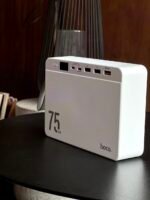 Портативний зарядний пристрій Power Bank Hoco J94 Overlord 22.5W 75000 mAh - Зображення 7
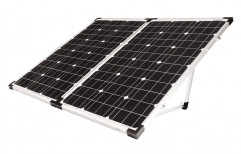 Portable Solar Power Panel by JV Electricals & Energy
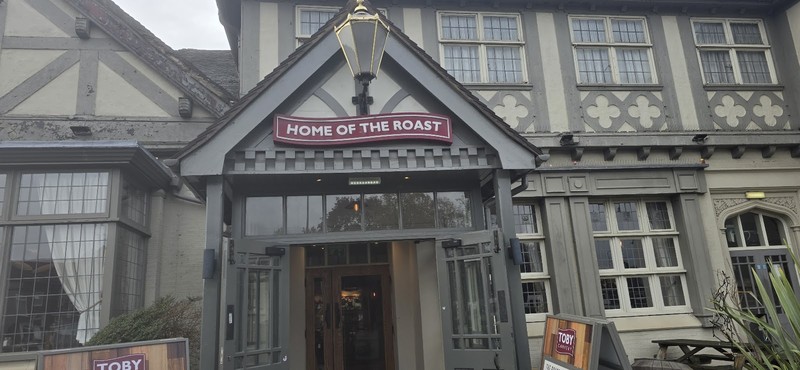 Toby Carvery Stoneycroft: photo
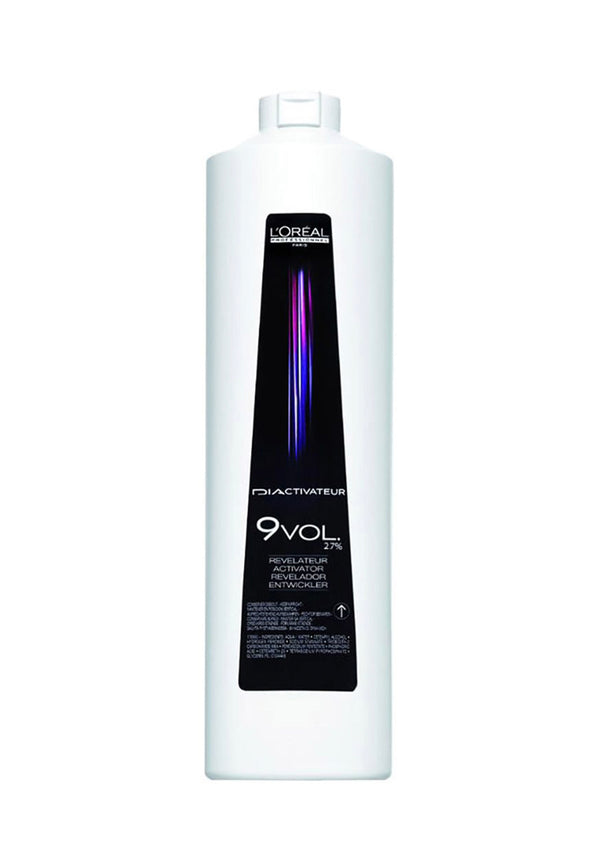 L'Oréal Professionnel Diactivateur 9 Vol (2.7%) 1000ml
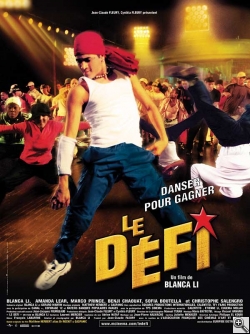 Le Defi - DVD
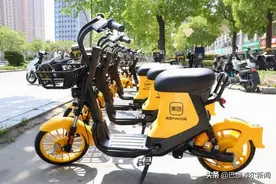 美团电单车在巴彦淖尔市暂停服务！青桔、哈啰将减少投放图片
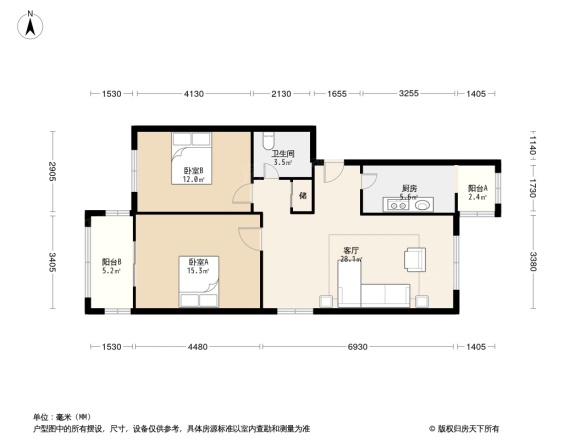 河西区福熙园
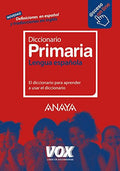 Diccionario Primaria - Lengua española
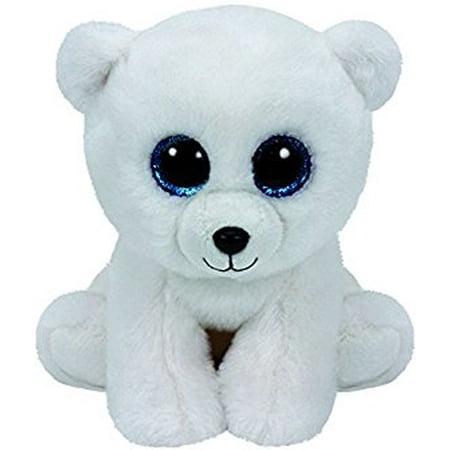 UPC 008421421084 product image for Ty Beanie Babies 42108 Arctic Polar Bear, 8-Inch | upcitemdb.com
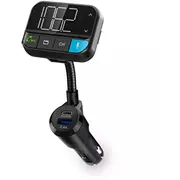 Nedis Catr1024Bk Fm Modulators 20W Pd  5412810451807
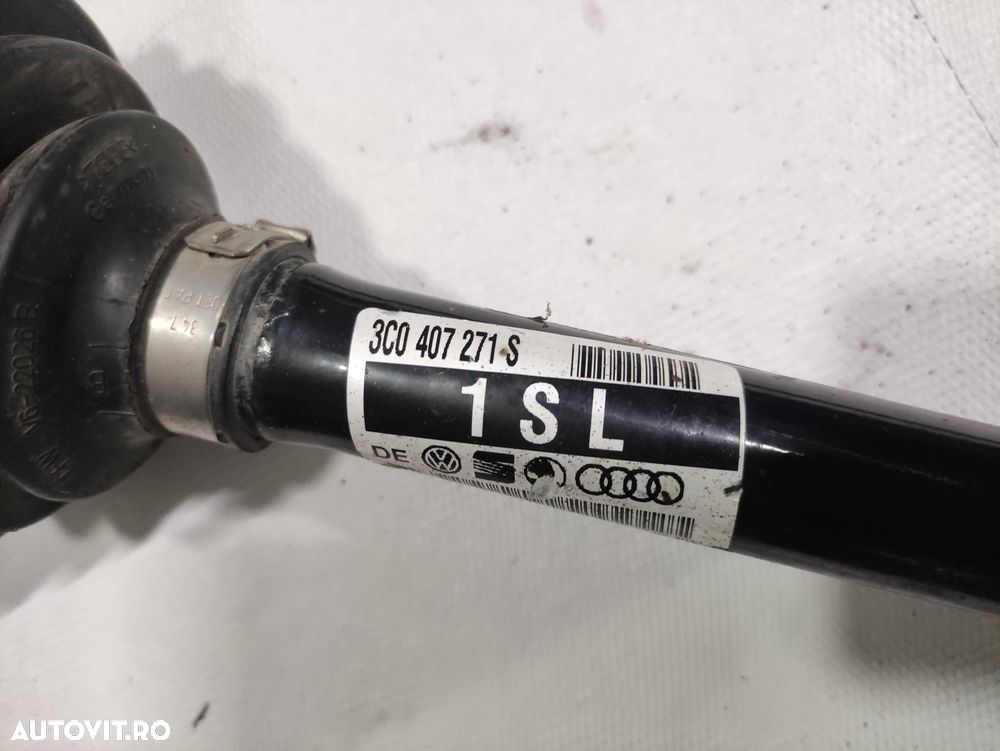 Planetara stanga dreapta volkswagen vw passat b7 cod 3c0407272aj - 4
+++
- _What is being asked_: The answer must be an exact transcription of the lines from the one containing "Portable Solar Power" through the last line of the records above, both included, with no pictures.

- _Answer section_:
 Portable Solar Power Panel by JV Electricals & Energy
 Toby Carvery Stoneycroft: photo
 L'Oréal Professionnel Diactivateur 9 Vol (2.7%) 1000ml
 Le Defi - DVD
 美团电单车在巴彦淖尔市暂停服务！青桔、哈啰将减少投放图片
 河西区福熙园
 Diccionario Primaria - Lengua española
 UPC 008421421084 product image for Ty Beanie Babies 42108 Arctic Polar Bear, 8-Inch | upcitemdb.com
 Nedis Catr1024Bk Fm Modulators 20W Pd  5412810451807
 Planetara stanga dreapta volkswagen vw passat b7 cod 3c0407272aj - 4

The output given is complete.